Der neue Stammkeeper in Leverkusen hieß ab sofort Rene Adler. Der damals 22-Jährige überzeugte als Butt-Vertreter und wurde von Trainer Michael Skibbe zur Nummer eins befördert. Für Butt war diese Entscheidung nicht nachzuvollziehen. Doch damit stand er ziemlich alleine da.
Butt-Ablösung schon früher geplant
Intern galt Adler längst als Bayer-Keeper der nächsten Jahre, und eigentlich war eine Ablösung Butts schon viel früher geplant - aber nicht möglich, denn: Ein Haarriss in einer Rippe hatte Adler zuvor rund ein halbes Jahr außer Gefecht gesetzt.
Eine ähnlich lange Pause droht ihm nun wieder. Wegen anhaltender Kniebeschwerden muss sich Adler einer Operation unterziehen, bei der degeneratives Gewebe der Patellasehne entfernt wird. Bleibt es dabei, kann er nach sechs bis zwölf Wochen wieder auf den Platz zurückkehren. Muss beim Eingriff allerdings auch ein Sehnenriss behandelt werden, könnte Adler sechs Monate lang ausfallen.
Ein Schock für Leverkusen, insbesondere aber für Adler selbst. Jörg Butt ist bei Bayer zwar längst Vergangenheit und Adler beim Werksklub inzwischen die unumstrittene Nummer eins, das Verletzungspech aus der Anfangszeit seiner Karriere ist ihm aber bis heute treu geblieben.
Adlers Körper streikt immer öfter
Dabei schien Adler lange Zeit auf einem perfekten Weg. Den starken Auftritten als Butt-Erbe in der Rückrunde 2007, ließ der Bayer-Keeper eine überragende Saison 2007/2008 folgen. Als Belohnung nahm ihn Bundestrainer Joachim Löw als dritten Keeper hinter Jens Lehmann und Robert Enke mit zur Europameisterschaft nach Österreich und in die Schweiz. Adler galt als designierter Nachfolger von Lehmann und die kommende Nummer eins im deutschen Tor.

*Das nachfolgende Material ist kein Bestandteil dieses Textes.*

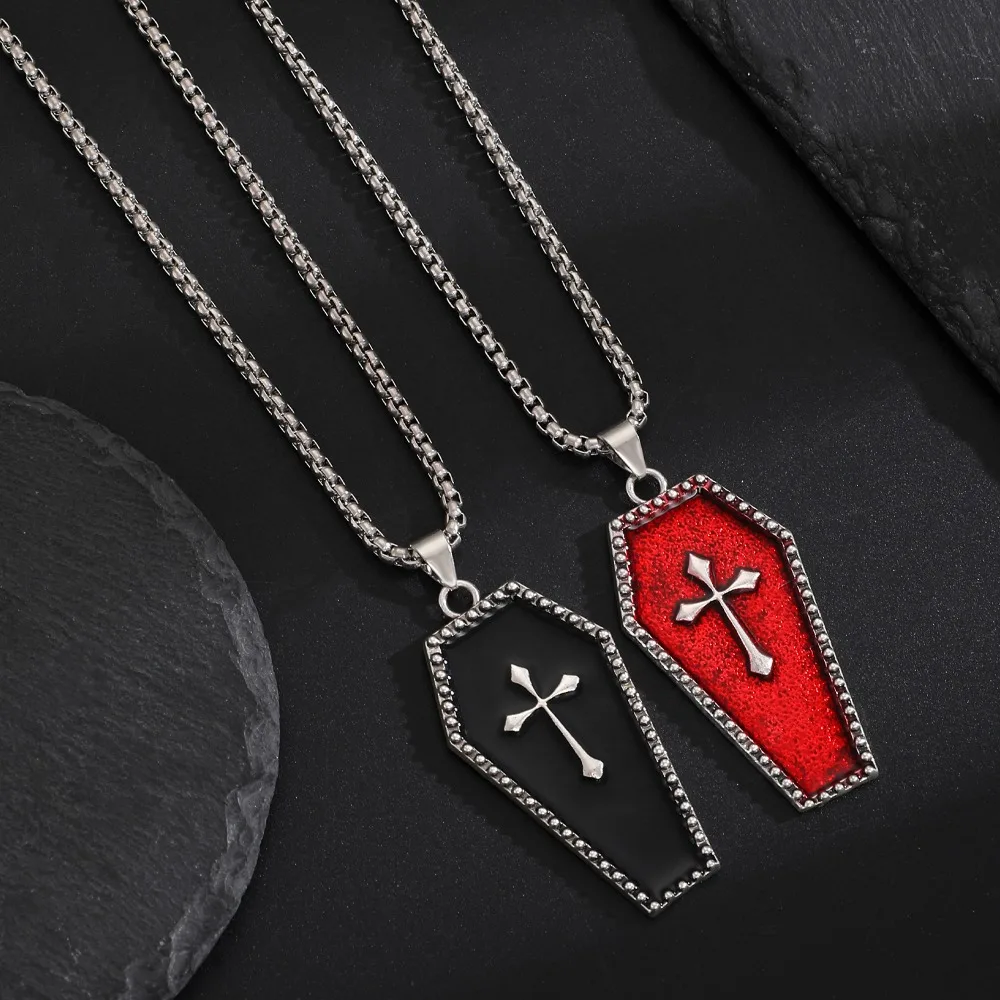 Men'S Vampire Accessories - Darkly Gothic Style Red Black Coffin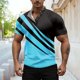 thumbnail image 2 of Summer Men'S Button Up Stand Up Collar Short Sleeved Shirt Casual Fashion TopM, 2 of 5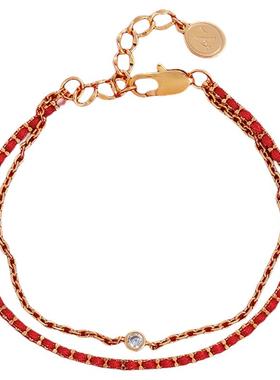 双层叠戴红绳编织绳单颗锆石手链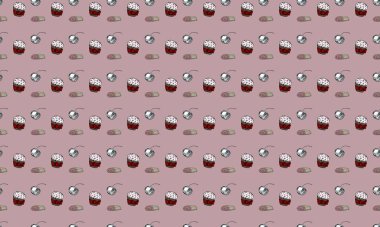 Farklı aksesuarlara sahip renkli arkaplan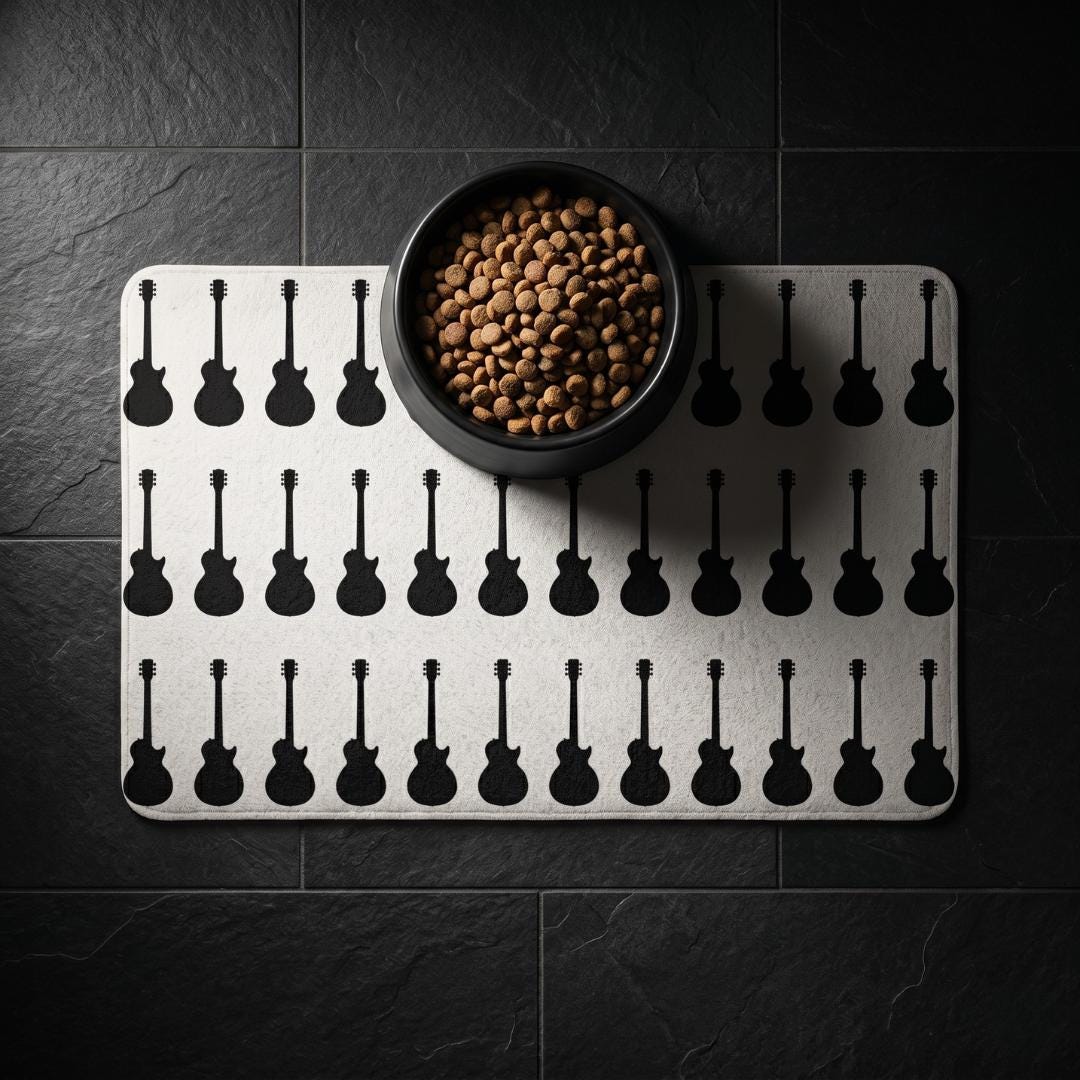 Black Guitar Pattern Pet Food Mat | 12x18 Rectangle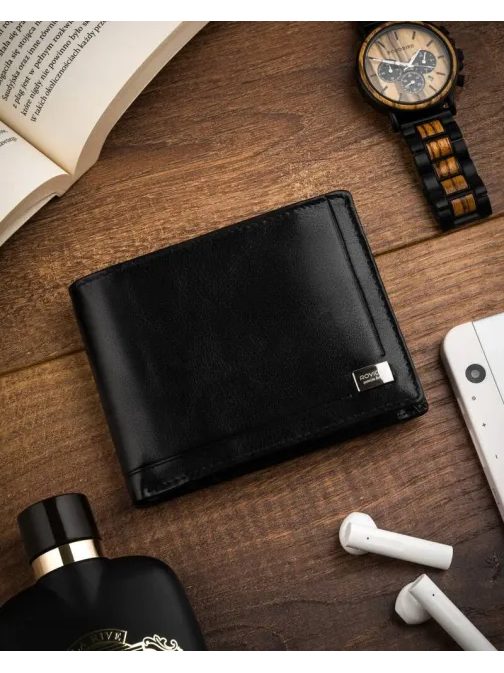 Elegantná kožená čierna peňaženka Rovicky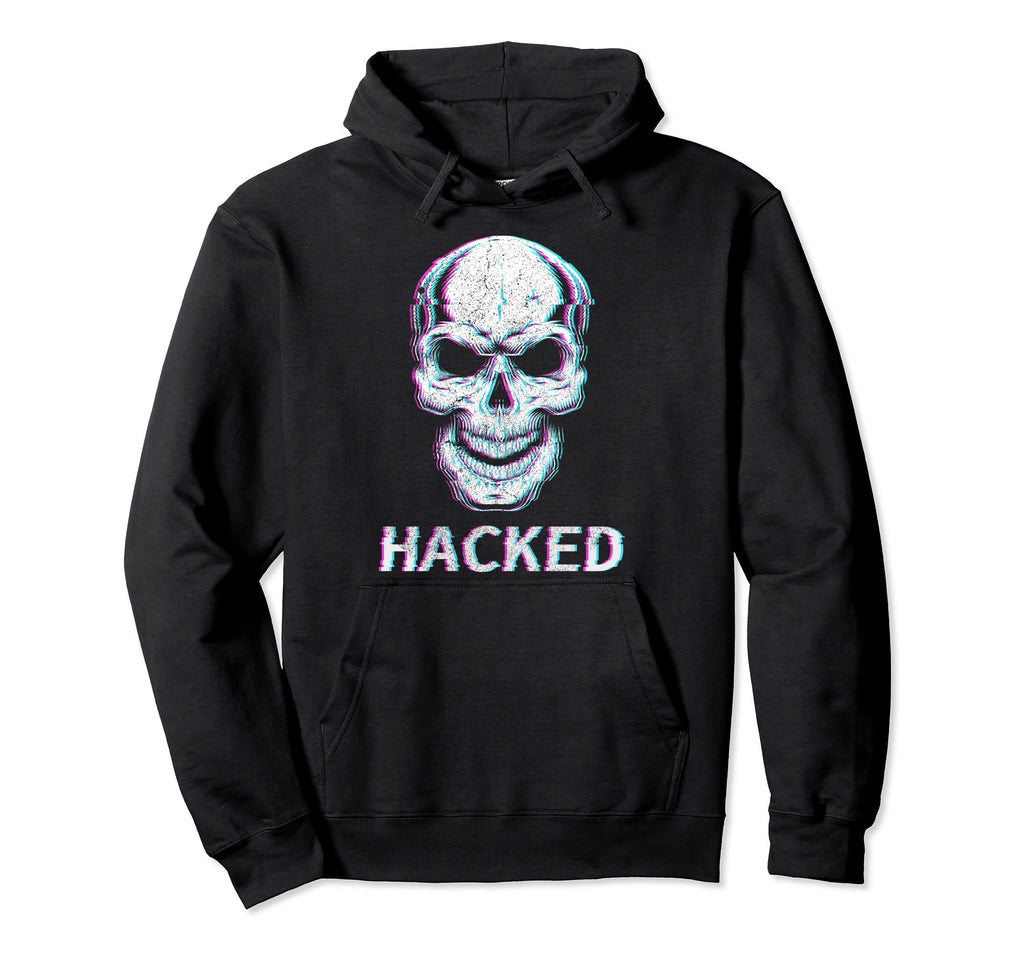 Glitch Skull Musician Skeleton Party Hoodie - Casual Everyday Wear Unisex - T-Shirt, Sweatshirt, Hoodie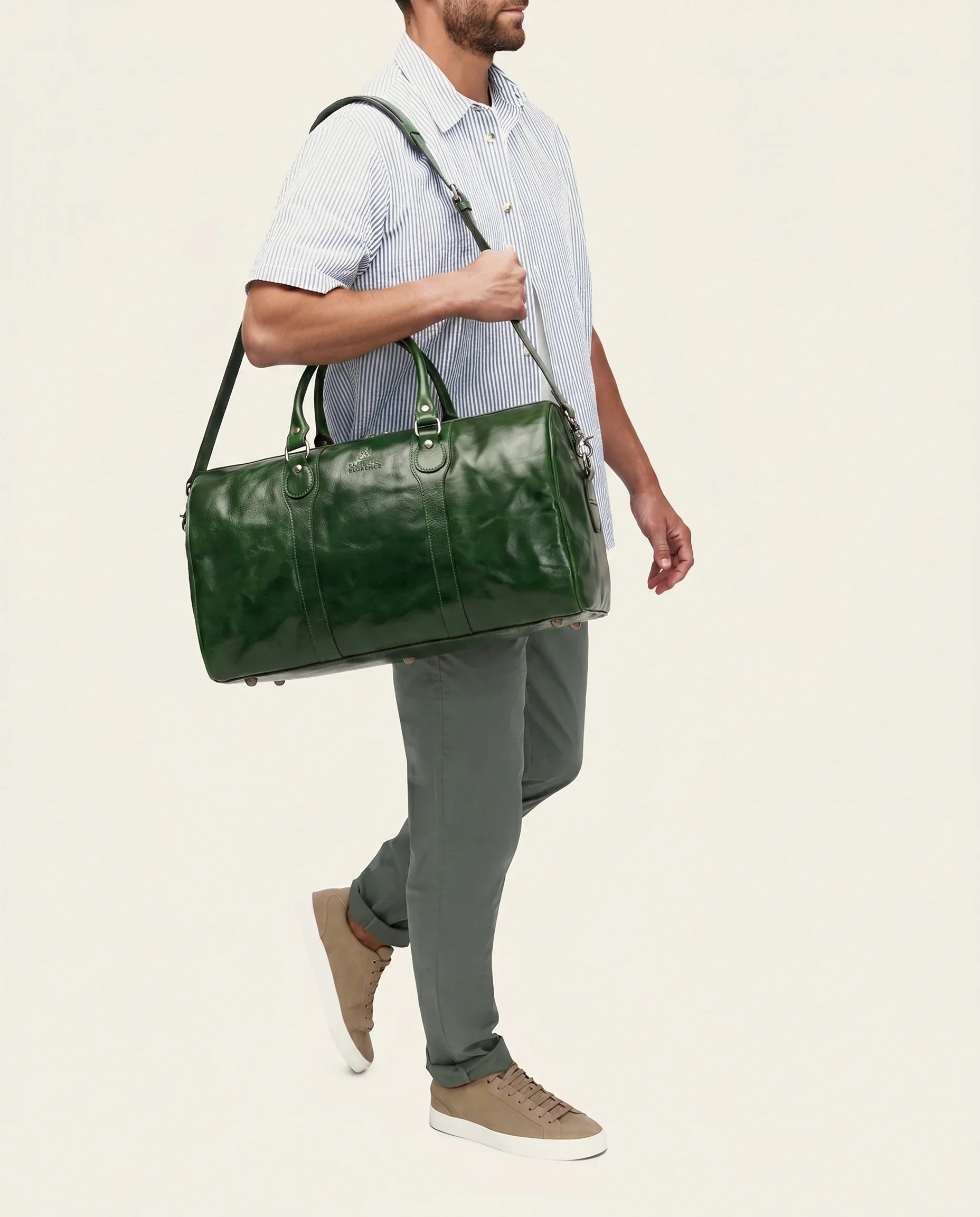 Beltrami Forest - Leather Weekender Bag - Image 7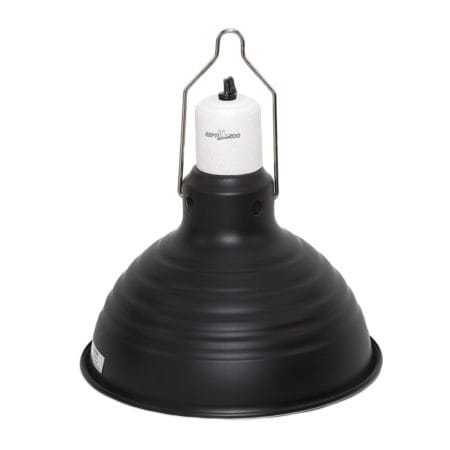 Reptile heat lamp for terrariums, black ceramic heat emitter with hanging hook.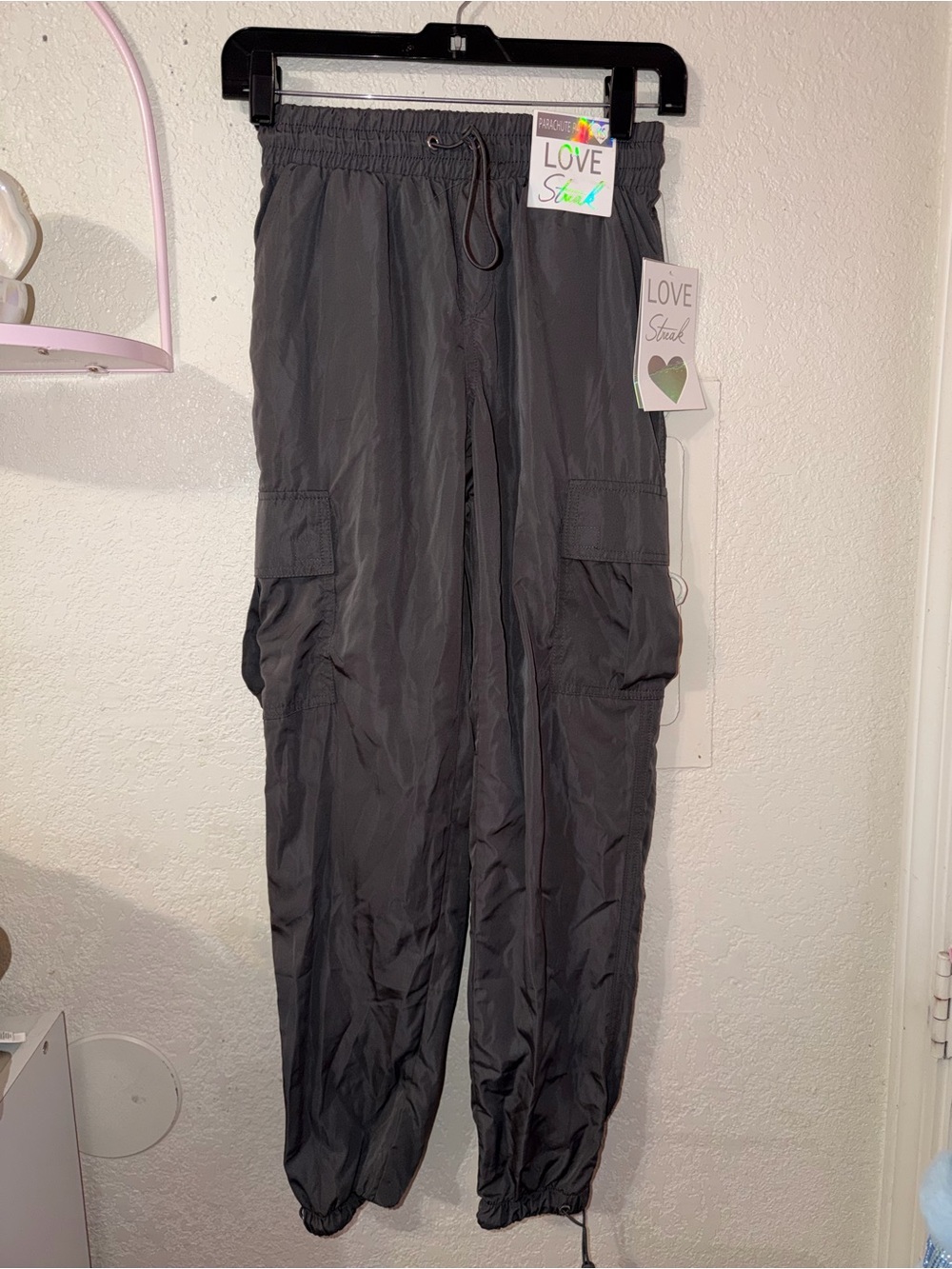 Love Stitch Black Cargo Jogger Pants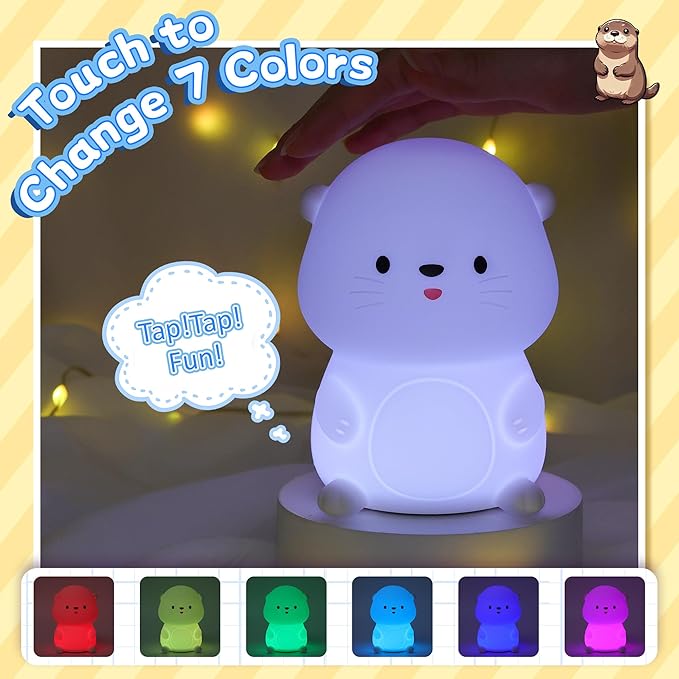 Attivolife Otter Night Light for Kids, Cute Sea Otter Silicone Lamp, Protable - Image 2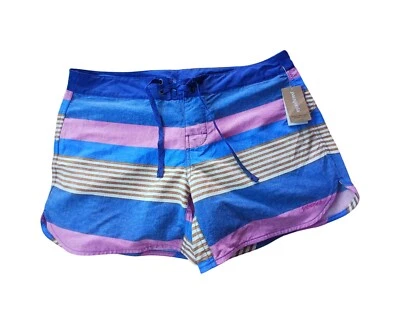 NUEVO CON ETIQUETAS Patagonia Wavefarer Board Shorts Para Mujer Talla 12 Natación 5” Rayas Azul Rosa Foto 1 de 4
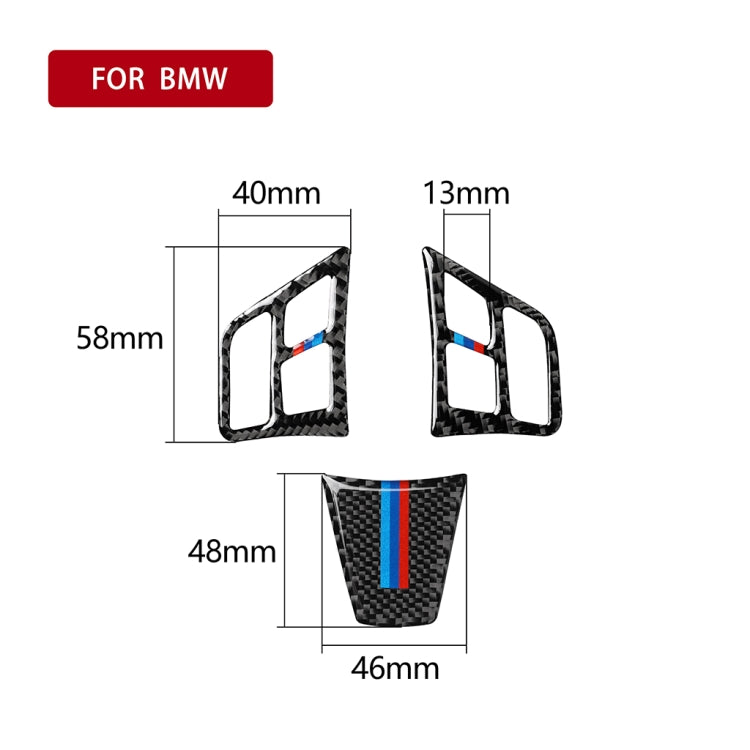 3 in 1 Car Carbon Fiber Tricolor Color Steering Wheel Button Decorative Sticker for BMW 3 Series E90 2005-2012, Left and Right Drive Universal, For BMW 3 Series E90 2005-2012(Tricolor,A)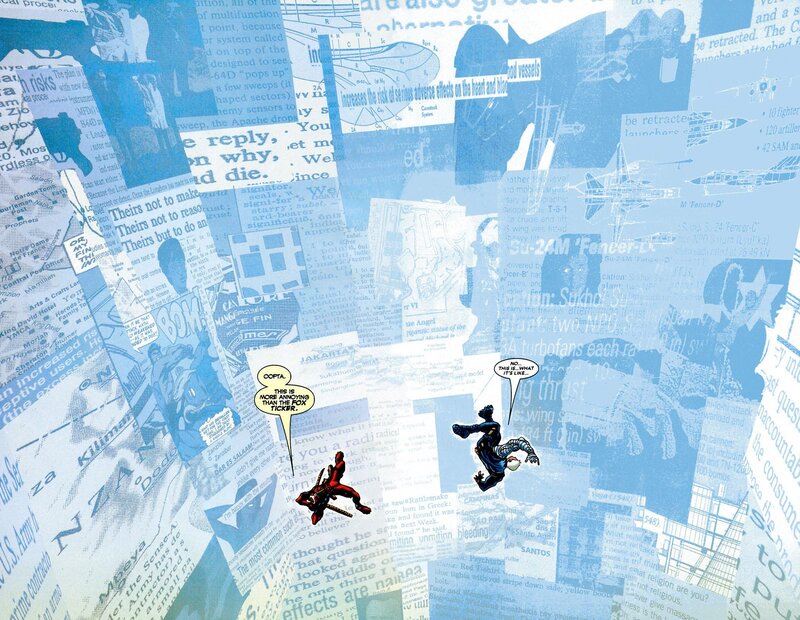 Deadpool and Cable in a comic collage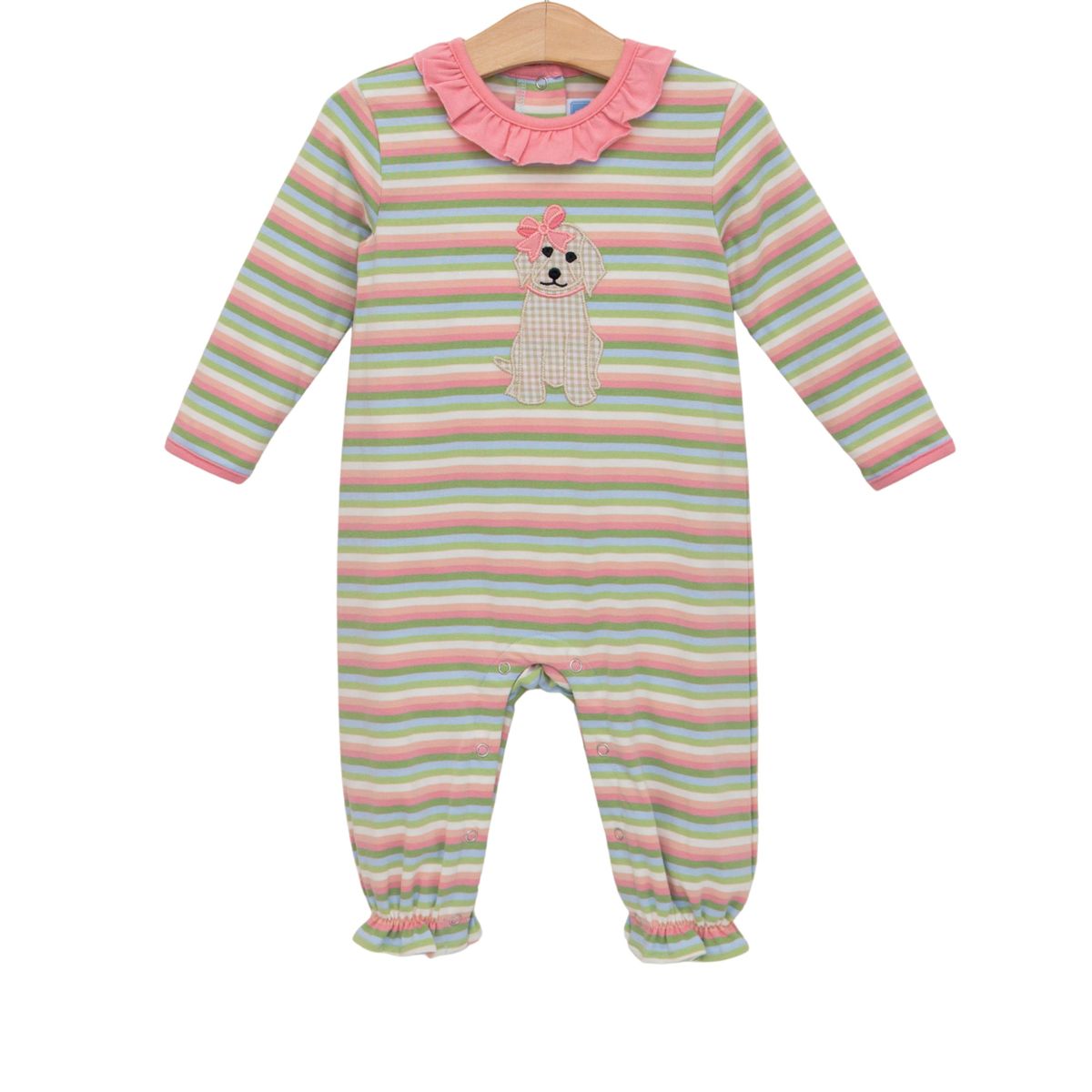 Trotter Street Kids Girl Puppy Ruffle Romper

Der Sprung dorthin gelang ihm nach der EM recht schnell - und scheinbar mühelos. Nach einer überragenden Leistung in der WM-Qualifikation gegen Russland im Oktober 2008 waren sich die Experten schnell einig: Adler steht auch bei der Weltmeisterschaft in Südafrika im Tor.
Doch plötzlich streikte sein Körper immer öfter. Zunächst war es nur eine entzündende Hornhaut im Auge, die ihn für kurze Zeit außer Gefecht setzte. Kurz vor der WM, für die ihn Löw als Nummer eins vorgesehen hatte, erwischte es Adler dann richtig: Ein Rippenbruch zwang ihn zur Absage des Turniers in Südafrika. "Es wäre unverantwortlich gewesen", sagte er.
Abstieg ins Mittelmaß
Adlers Schmerz saß tief. Die deutsche Nationalelf spielte ein starkes Turnier - ohne ihn. Sein Ersatz, Manuel Neuer, glänzte mit starken Leistungen. Von ihm sprach plötzlich keiner mehr. Die neue Nummer eins im DFB-Team hieß fortan Neuer.
Adler akzeptierte es. Eine starke Saison sollte ihm wieder Auftrieb geben und näher an Neuer heranbringen. Doch während der Schalke-Keeper seine glänzenden WM-Leistungen bestätigte, versank Adler nach einer ordentlichen Vorrunde im letzten Halbjahr im Mittelmaß, auch weil ihn Knieprobleme und ein Hexenschuss phasenweise außer Gefecht setzten.
"Ich war schwächer als in der Hinrunde", gab Adler kürzlich im "Kicker" zu. "Der eigene Anspruch wird höher, dem bin ich im einen oder anderen Spiel nicht gerecht geworden."
Die Chance zur Rehabilitation hat er nun zumindest vorerst nicht. Er muss wieder mal pausieren. Wie lange, steht noch nicht fest. Aber lange genug, um aus dem Rampenlicht zu rücken. Ihm entgeht dadurch die Möglichkeit sich zu empfehlen - für den Bundestrainer, für andere Klubs, aber auch für Bayer Leverkusen.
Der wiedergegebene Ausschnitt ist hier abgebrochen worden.